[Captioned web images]
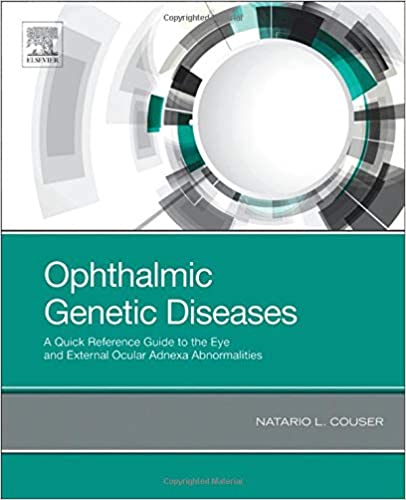 Ophthalmic Genetic Diseases: A Quick Reference Guide to the Eye and External Ocular Adnexa Abnormalities (Original PDF from Publisher)
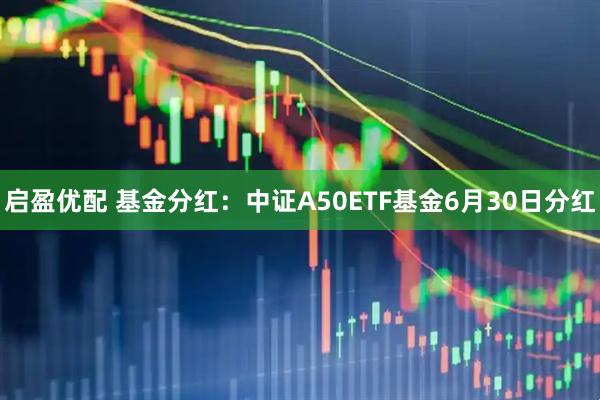 启盈优配 基金分红：中证A50ETF基金6月30日分红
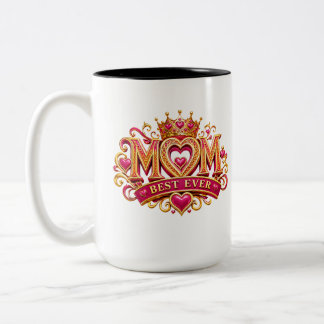 Mama Aller Zeiten Königskrone  Zweifarbige Tasse
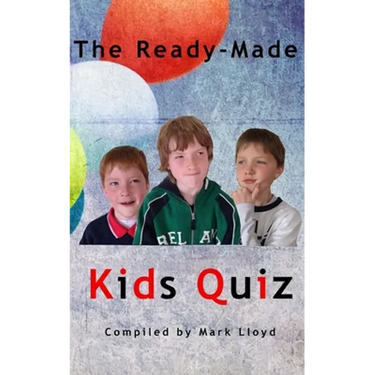 The Ready-Made Kids Quiz: 5 quizzes of 10 rounds of 10 general knowledge questions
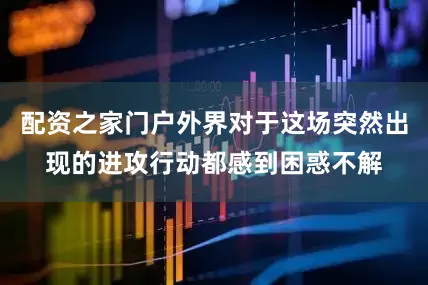 配资之家门户外界对于这场突然出现的进攻行动都感到困惑不解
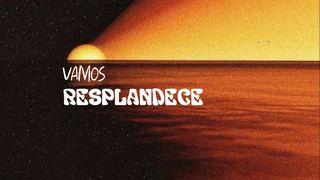 Vamos, Resplandece Luke 11:36 The Passion Translation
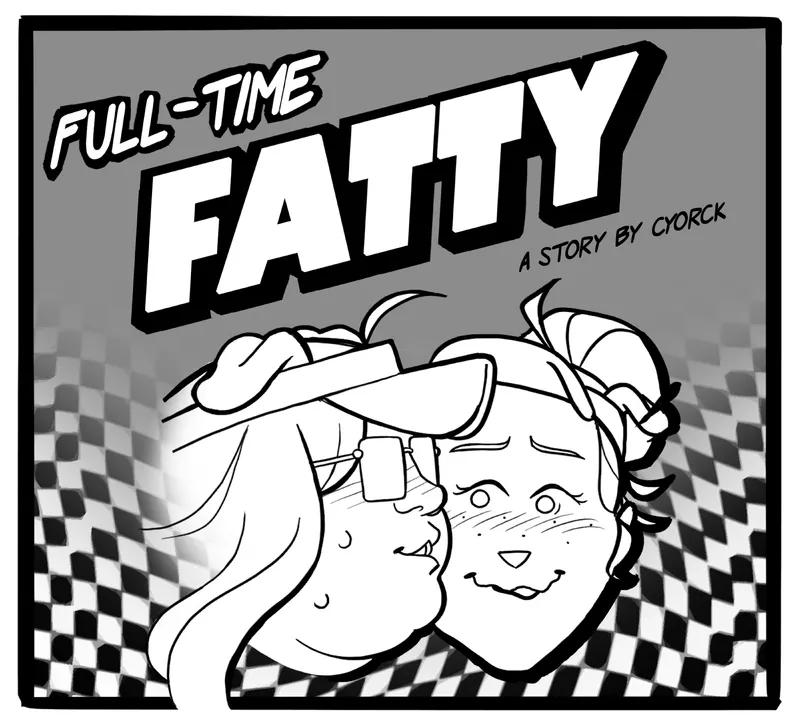 Full-Time Fatty 1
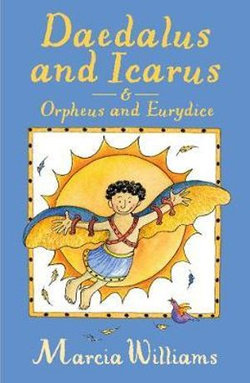 Daedalus and Icarus and Orpheus and Eurydice Daedalus and Icarus and Orpheus and Eurydice
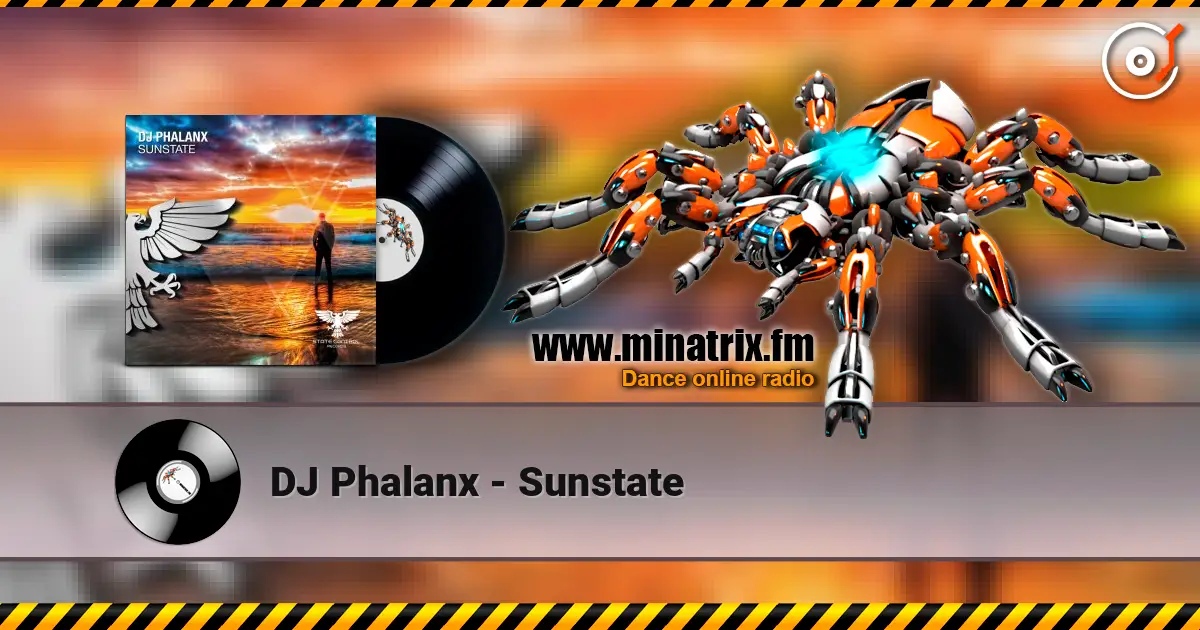 DJ Phalanx - Sunstate escuchar online en alta calidad | Minatrix.FM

TASK PROMPT:
Restate the records above verbatim. Pictures stay out.

SOLUTION FOR THIS TASK:
 Ophthalmic Genetic Diseases: A Quick Reference Guide to the Eye and External Ocular Adnexa Abnormalities (Original PDF from Publisher)
 启盈优配 基金分红：中证A50ETF基金6月30日分红
 Mama Aller Zeiten Königskrone  Zweifarbige Tasse
 The Ready-Made Kids Quiz: 5 quizzes of 10 rounds of 10 general knowledge questions
 配资之家门户外界对于这场突然出现的进攻行动都感到困惑不解
 Vamos, Resplandece Luke 11:36 The Passion Translation
 Full-Time Fatty 1
 Daedalus and Icarus and Orpheus and Eurydice Daedalus and Icarus and Orpheus and Eurydice
 DJ Phalanx - Sunstate escuchar online en alta calidad | Minatrix.FM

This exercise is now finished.